Resumidamente, nação é uma conjunção política autônoma, delimitada territorialmente, cujos membros compartilham de valores análogos, além do respeito a instituições comuns. Esses vínculos societários, quando sustentados pela ética e pela razão, proporcionam um sentido de unidade, concebendo uma autodeterminação espontânea de toda a população. Percebam que, se eliminarmos as orações substantivas autônoma e política, tal acepção se encaixa em pátria. E se o conceito de valores análogos for subtraído a entidades comuns, o resultado é uma descrição próxima do termo país. Isto posto, o entendimento sobre a repulsa pela palavra nação começa a se desenvolver, ou seja, os motivos ideológicos — e principalmente os práticos — que indicam sobre o nacionalismo possuir concepções que são verdadeiras ameaças para os setores dominados pelas elites que tanto atrasam o progresso do Brasil.

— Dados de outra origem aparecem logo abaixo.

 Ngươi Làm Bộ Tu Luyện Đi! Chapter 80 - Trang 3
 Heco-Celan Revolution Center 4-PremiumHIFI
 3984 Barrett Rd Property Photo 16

A questão recebe maior claridade quando se percebe que, associadas ao termo nação, existem as expressões nacionalidade e nacionalismo. Já na palavra pátria, não há nenhuma outra sentença além de patriotismo. Sobre o substantivo país, sequer existem derivações.

Nacionalidade é a identificação e a colaboração com uma nação em particular. Logo, o conceito de nacionalidade envolve incontestavelmente uma cultura primorosamente coletiva. Dessa maneira, a ausência de nacionalidade acarreta na perda de identidade. Nacionalismo, enquanto expresso pela coerência e pelas virtudes da ética, é a vontade de uma nacionalidade em razão do sentimento de orgulho em pertencer ao lugar. É também, em um aspecto teórico, uma filosofia que possui a nacionalidade como valor social indispensável, reconhecendo a dedicação e o respeito à nação como um entusiasmo consciente.

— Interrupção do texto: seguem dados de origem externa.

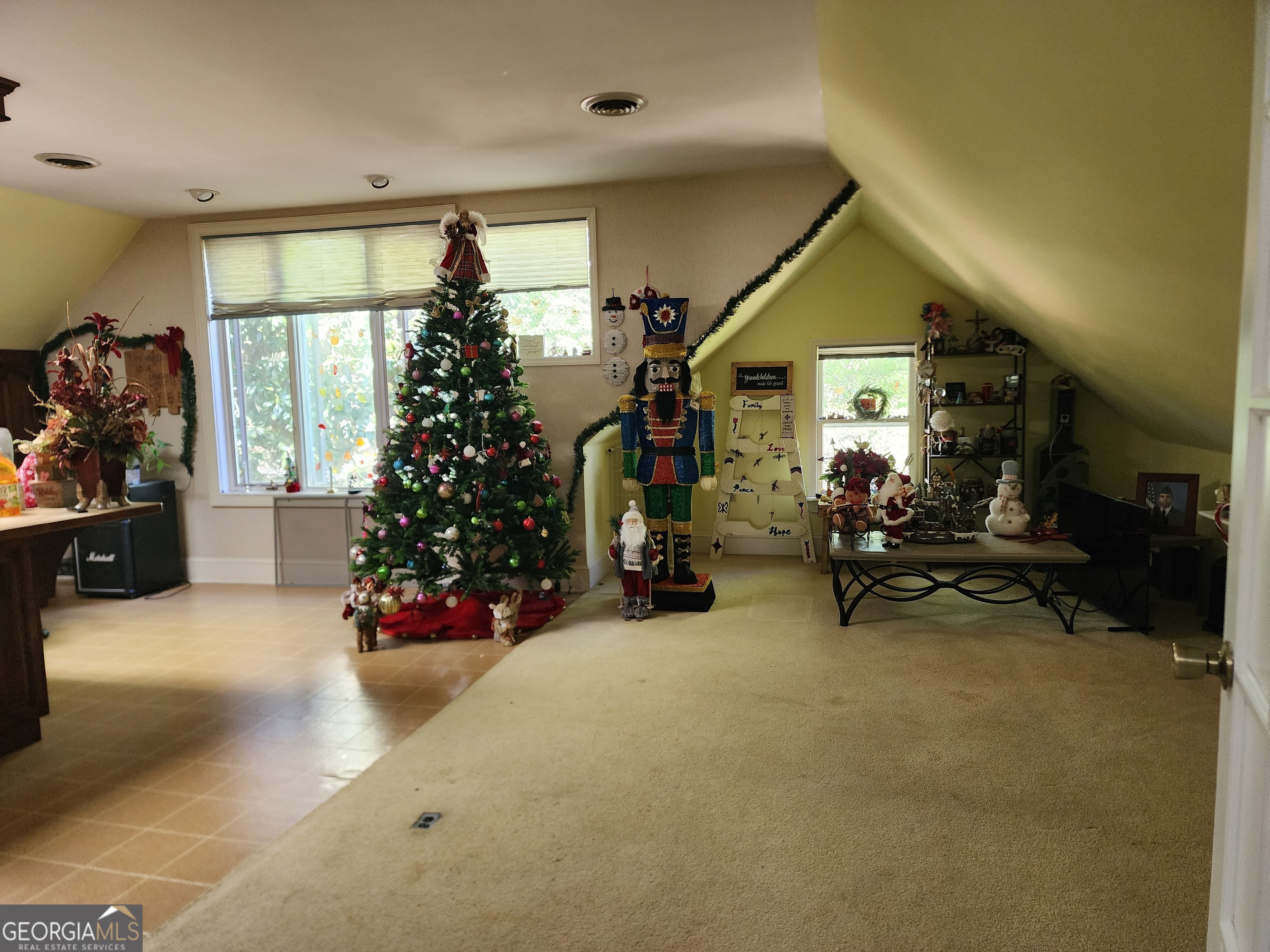 121 Cook Street Royston, GA 30662 - Photo 41 of 58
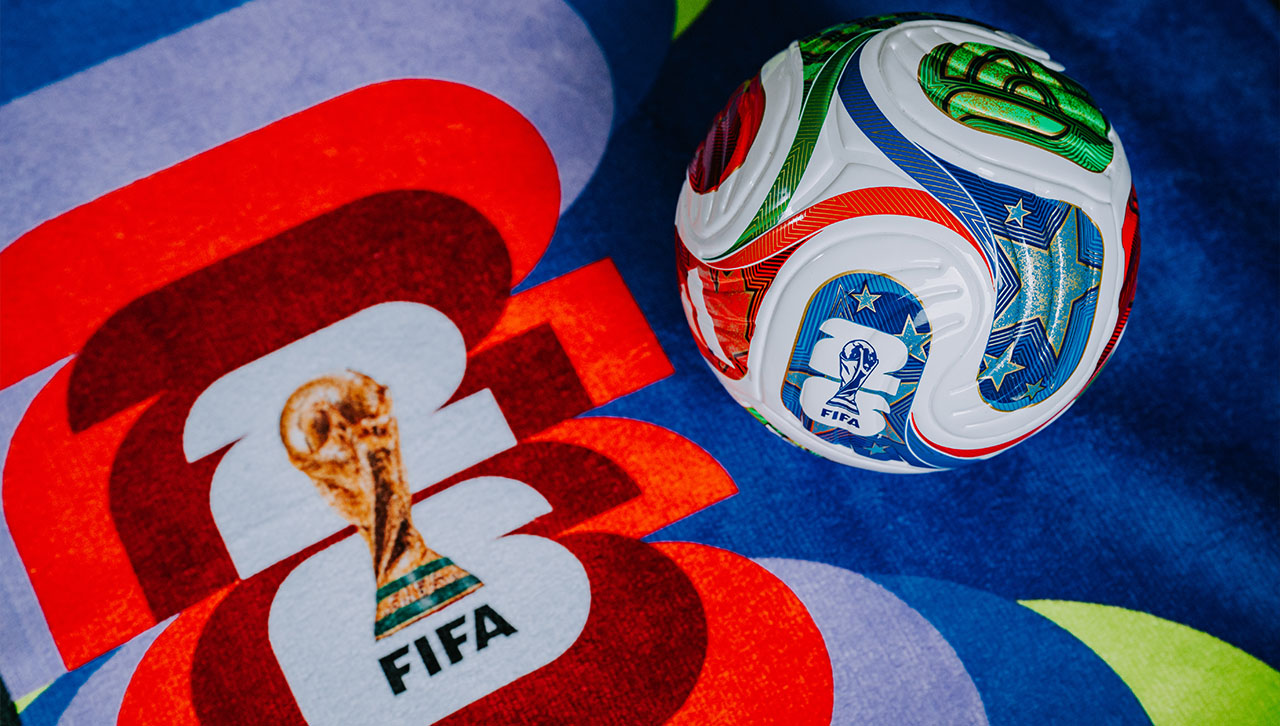 Affiliates, are you ready for the LatAm World Cup surge?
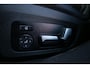 BMW 3-Serie M340i xDrive Business Edition Plus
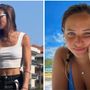 Tragedia alle Maldive, recuperati i corpi di Muriel Oddenino e Giorgia Sommacal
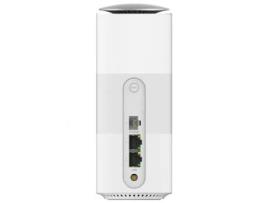 Router ZTE MC888D 5G (Branco - Wi-Fi 4)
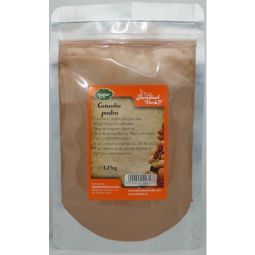 Pulbere catuaba natur 125g - PARADISUL VERDE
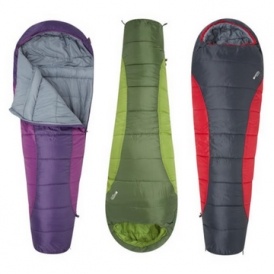 Sleeping Bags from $14.99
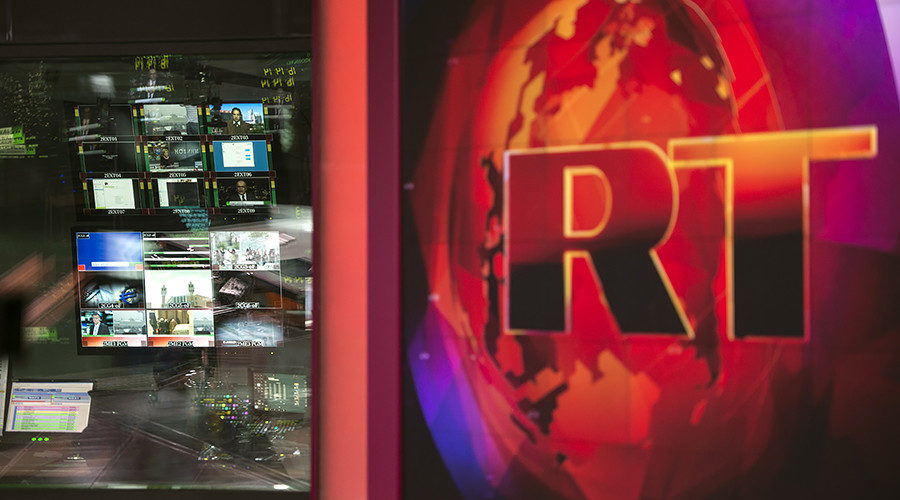 RT  newsroom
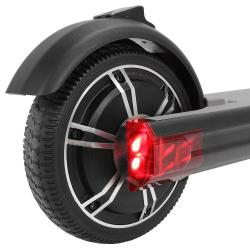 KIDS ELECTRIC SCOOTER -BRAND NEW BOXED CAN COLLECT OR SHIP -MINI 2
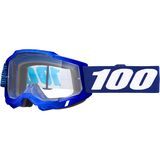 2028/Clear Lens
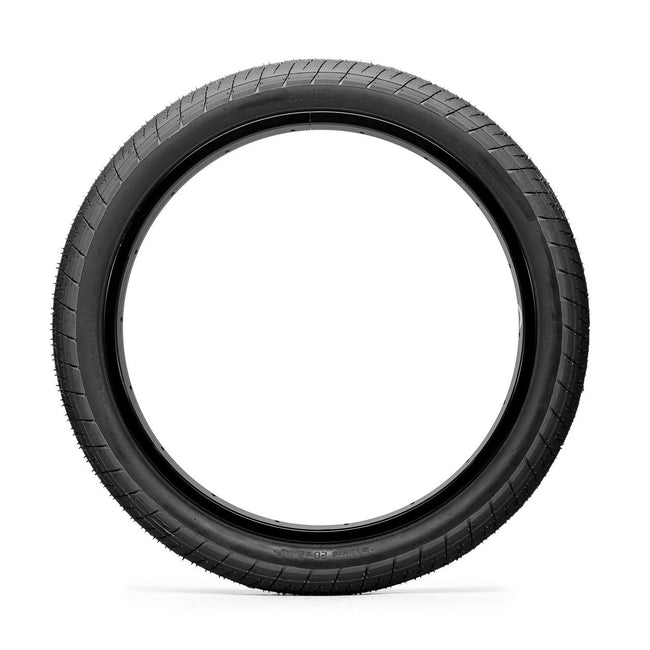 Salt Plus Sting Tire-Wire - 2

Pouco a pouco, os motivos que tornam o nacionalismo em algo desconfortável para muitos vêm à tona. Contudo, é necessário realizar algumas análises de fatos importantes para que os grupos interessados em anular o nacionalismo sejam plenamente classificados.

Uma experiência recente a ser considerada é o caso sobre a desnacionalização da Eletrobrás, isso porque é um assunto extremamente alheio aos interesses da Nação. Muitos preferem que essa questão permaneça em sigilo absoluto já que seria um desastre para os políticos e especuladores se o povo brasileiro descobrisse mais esse enclave no patrimônio público. Ignorem, portanto, as acusações verídicas por crimes de lesa pátria. Ignorem as denúncias da Justiça Federal contra parlamentares ligados a banqueiros interessados em desmanchar o controle energético nacional. Ignorem que tal medida vai retirar tecnologia e empregos da população a fim de remeter tudo isso aos países hegemônicos. Ignorem que essa privatização custará mais de dez vezes menos que os lucros gerados pela estatal, e que a oferta de 12 bilhões não cobre a rolagem diária das alíquotas sobre a taxa de juros da dívida pública. Simplesmente ignorem, pois essa é uma das maiores aspirações dos controladores do Sistema Financeiro!

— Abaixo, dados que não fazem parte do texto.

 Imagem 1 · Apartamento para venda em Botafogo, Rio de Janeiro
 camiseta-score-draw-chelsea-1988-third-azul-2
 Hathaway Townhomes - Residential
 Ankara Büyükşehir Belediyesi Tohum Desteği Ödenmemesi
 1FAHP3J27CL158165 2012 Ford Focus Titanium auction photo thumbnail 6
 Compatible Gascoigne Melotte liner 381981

Para o escopo desse assunto a respeito da completa desnacionalização em específico, basta observarmos o exemplo de diversos grupos e partidos políticos neoliberais surgindo a todo momento. São os mesmos que condenam a existência do Estado com inúmeras desinformações acintosas mas utilizam do mesmo “Estado ineficiente” em benefício de seus próprios interesses. Então, considerem que uma parte significativa do povo brasileiro tenha atingido uma qualidade de vida equivalente à dos países boreais — onde a participação do Estado é gigantesca em praticamente todos os setores — com uma política de privatizações irrestritas.

Esse mesmo progresso teria homologado os limites ao acesso, conservados artificialmente por uma força policial privada. Se suas dimensões financeiras e tecnológicas coubessem em uma escala probatória, não haveria importância, pois os habitantes desse “Brasil sem Estado” considerado seriam obrigados a uma convivência com a outra classe de brasileiros. No entanto, quando o aporte capital dessas propriedades desnacionalizadas atingem proporções superiores àquelas de muitos países em conjunto, é cogitado o desenvolvimento de atividades socioeconômicas completamente independentes, desconectadas do resto do Brasil. Os negócios e, consequentemente, a tutela perante ao território brasileiro seriam semelhantes às que existem entre países adjacentes.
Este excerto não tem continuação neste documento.